Especially after this week opened with all three major indices spiking higher and oil getting a boost.
Repeated pullbacks and rapid rallies in a bullish market can throw a curveball to traders. Simpler’s team recognizes that when the market is extended, the standard playbook works inconsistently. Traders undoubtedly recognize a bullish pattern in the market. But, how this week and the last will play into extra innings through the holidays and into next year is anybody’s guess.
Simpler’s traders continue to modify trades to reduce risk in rapidly changing environments like this.
While the market works through the chaos, the “FAANG” stocks continue to perform well.
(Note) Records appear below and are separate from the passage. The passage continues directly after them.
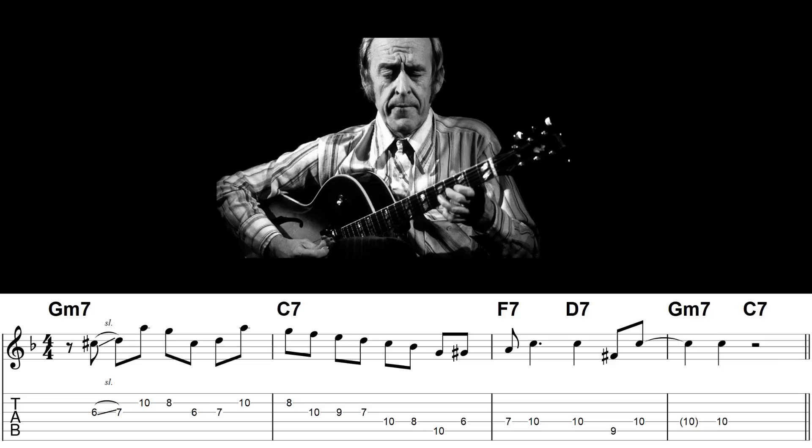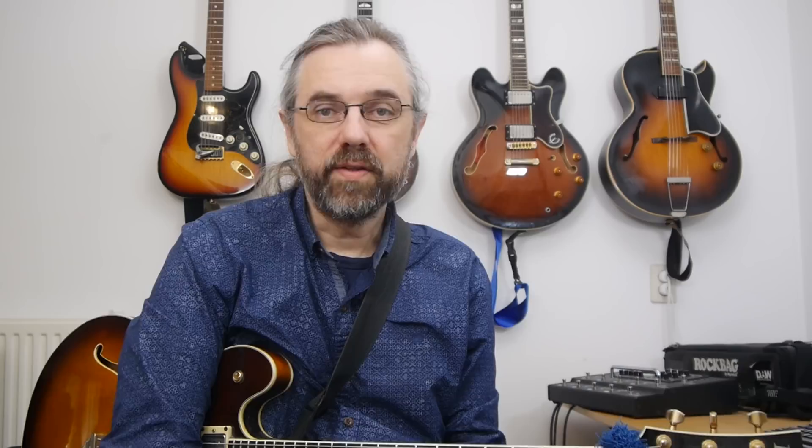My name is Jens Larsen. If you want to learn more about jazz guitar and use that to make music, subscribe to my channel. If you want to make sure not to miss anything, click the little bell notification icon next to the subscribe button.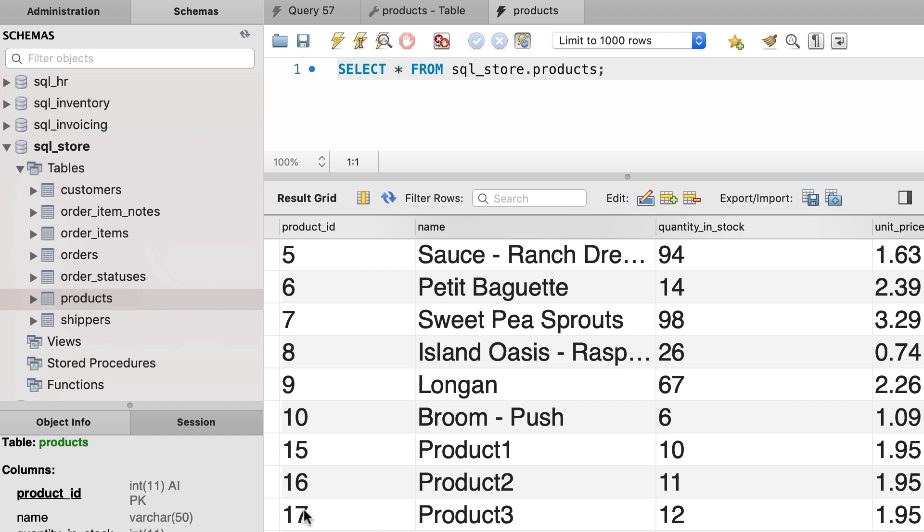So instead of incrementing 10 by 11, it incremented 14 which was the last record from before, and that's why it generated 15. On your computer the IDs are going to be 11, 12, and 13.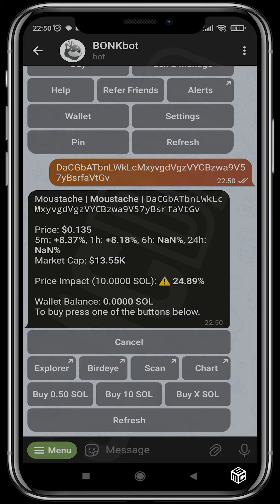You can also see the market cap and the price impact. The price impact is the amount of change that occurs when a trader buys or sells that particular project. For this project the price impact is actually very high. You can also see your wallet balance.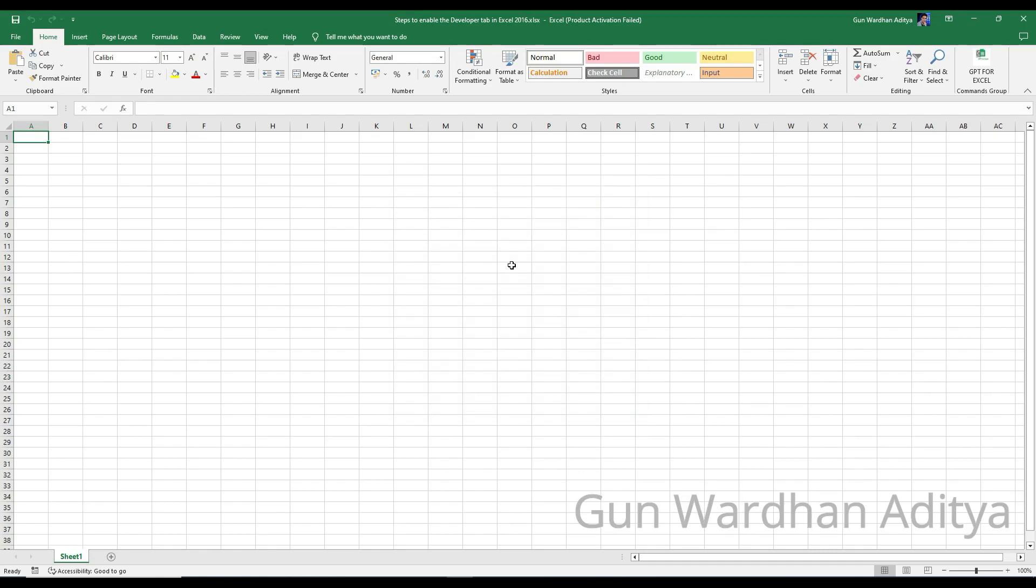Here are the steps to enable the Developer tab in Excel 2016. Step 1: Open Excel 2016 on your computer.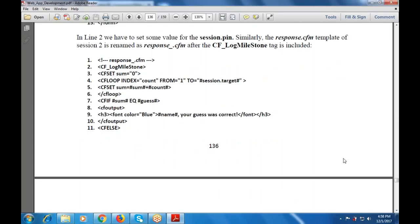To make the example complete, a menu is needed on the index.cfm. This contains two parts: one is response.cfm and one is index.cfm.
FAANG refers to finance technology, or fintech, companies that include Facebook, Amazon, Apple, Netflix, and Google (now Alphabet).
These companies are highly-recognizable among consumers and Simpler’s traders have targeted these tickers for profits for years. For FAANG and other stocks, Simpler’s traders base current valuations on fundamental strengths and technical patterns — which can indicate whether stocks are either overbought or extended.
When prices are extended, traders can anticipate that the unrealistic stock price will revert back to its trending price. Losses on overextended stocks can be brutal in a bear market and subsequently force traders to meet margin calls.
Similarly, stocks that are overbought can have a current market price based on the number of buyers pushing the price to new highs. When buyers outnumber the sellers, a reversal of direction causes the price to drop.
Is this market revealing a heavily overbought environment? Only time will tell, and caution is good practice here.
Simpler’s traders are shrinking weekly trades into manageable time frames when technical signals indicate a pullback in the stock price could be around the corner. Proper risk management helps traders reduce exposure in a market fraught with mixed signals.